I am a working mom that does volunteer work at a local animal rescue. We tell parents you can't get a bunny, stick this intelligent thing in a cage 24/7 and allow the kids to forget it until it dies, goes crazy from neglect or comes back to us in awful unadoptable shape. In the interview, parents swear up and down their kids will do everything we instruct. We give resources, even our own phone numbers...But you can't always tell which adults are just going along to get it and go home and leave it to 10 yr old. From all of us animal rescues to moms, dads and other SOs...if you got your kid a cute bunny because it is Easter make sure you really care about animals because you will most likely have to care for it so get educated,too. Every rescue will gladly answer your questions..just ask. These animals are smart, fun and have tons of personality.. We are not radical wackjobs..we are doctors, stay at home moms, project managers, teachers volunteering,..asking for common sense and I know other moms feel my pain,too. I hear it often from other smart, compassionate moms. Why wouldn't a parent think this through first?

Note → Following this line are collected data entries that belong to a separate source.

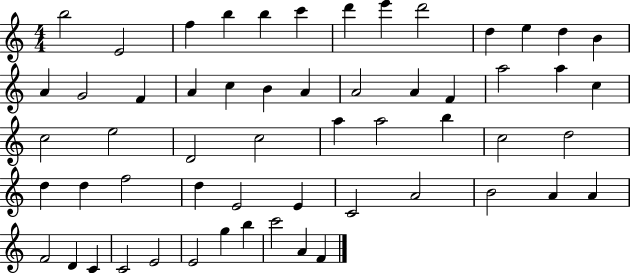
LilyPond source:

{
  \clef treble
  \numericTimeSignature
  \time 4/4
  \key c \major
  b''2 e'2 | f''4 b''4 b''4 c'''4 | d'''4 e'''4 d'''2 | d''4 e''4 d''4 b'4 | \break a'4 g'2 f'4 | a'4 c''4 b'4 a'4 | a'2 a'4 f'4 | a''2 a''4 c''4 | \break c''2 e''2 | d'2 c''2 | a''4 a''2 b''4 | c''2 d''2 | \break d''4 d''4 f''2 | d''4 e'2 e'4 | c'2 a'2 | b'2 a'4 a'4 | \break f'2 d'4 c'4 | c'2 e'2 | e'2 g''4 b''4 | c'''2 a'4 f'4 | \break \bar "|."
}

Asked by Anonymous at 5:17 AM on May. 10, 2011 in Pets

This question is closed.
Answers (8)
  • I absolutely agree. This year we purchased a bunny, and did all of our research before doing so. I read so many websites where rabbits were left to rescues not long after Easter. It is extremely sad. I was told they can be vicious, and wild. However, our little bunny is so sweet. I think it is all in how they are handled and cared for. Our bunny actually comes hopping when he hears his name "Hop"- very smart. You have to be willing to put in the extra time for caring for a bunny, and the cleaning part is not so But, in the end my 6 year old is right by my side helping and learning responsibility of caring for an animal. Your post is much needed and glad to see you are putting the word out there....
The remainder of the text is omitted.